## [EXERCISE GOAL]
When you print the records, keep every line identical to the original.

————————

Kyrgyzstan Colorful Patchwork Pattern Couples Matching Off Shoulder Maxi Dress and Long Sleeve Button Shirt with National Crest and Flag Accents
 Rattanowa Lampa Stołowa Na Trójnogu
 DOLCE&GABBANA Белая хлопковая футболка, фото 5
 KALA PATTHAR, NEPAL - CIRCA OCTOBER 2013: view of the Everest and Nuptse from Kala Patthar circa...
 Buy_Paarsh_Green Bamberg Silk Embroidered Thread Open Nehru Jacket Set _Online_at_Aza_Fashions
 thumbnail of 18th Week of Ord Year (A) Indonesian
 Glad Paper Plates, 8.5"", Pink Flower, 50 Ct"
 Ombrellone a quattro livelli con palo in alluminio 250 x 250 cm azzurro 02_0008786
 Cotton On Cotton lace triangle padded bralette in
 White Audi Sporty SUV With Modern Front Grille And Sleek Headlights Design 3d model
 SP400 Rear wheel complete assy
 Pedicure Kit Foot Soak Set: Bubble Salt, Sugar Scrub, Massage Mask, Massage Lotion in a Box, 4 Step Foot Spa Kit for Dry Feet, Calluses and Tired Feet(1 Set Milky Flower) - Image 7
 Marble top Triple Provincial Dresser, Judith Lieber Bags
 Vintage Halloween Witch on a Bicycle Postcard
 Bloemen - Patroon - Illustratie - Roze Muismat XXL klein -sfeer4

————————

## [SOLUTION TO THE EXERCISE]
Kyrgyzstan Colorful Patchwork Pattern Couples Matching Off Shoulder Maxi Dress and Long Sleeve Button Shirt with National Crest and Flag Accents
 Rattanowa Lampa Stołowa Na Trójnogu
 DOLCE&GABBANA Белая хлопковая футболка, фото 5
 KALA PATTHAR, NEPAL - CIRCA OCTOBER 2013: view of the Everest and Nuptse from Kala Patthar circa...
 Buy_Paarsh_Green Bamberg Silk Embroidered Thread Open Nehru Jacket Set _Online_at_Aza_Fashions
 thumbnail of 18th Week of Ord Year (A) Indonesian
 Glad Paper Plates, 8.5"", Pink Flower, 50 Ct"
 Ombrellone a quattro livelli con palo in alluminio 250 x 250 cm azzurro 02_0008786
 Cotton On Cotton lace triangle padded bralette in
 White Audi Sporty SUV With Modern Front Grille And Sleek Headlights Design 3d model
 SP400 Rear wheel complete assy
 Pedicure Kit Foot Soak Set: Bubble Salt, Sugar Scrub, Massage Mask, Massage Lotion in a Box, 4 Step Foot Spa Kit for Dry Feet, Calluses and Tired Feet(1 Set Milky Flower) - Image 7
 Marble top Triple Provincial Dresser, Judith Lieber Bags
 Vintage Halloween Witch on a Bicycle Postcard
 Bloemen - Patroon - Illustratie - Roze Muismat XXL klein -sfeer4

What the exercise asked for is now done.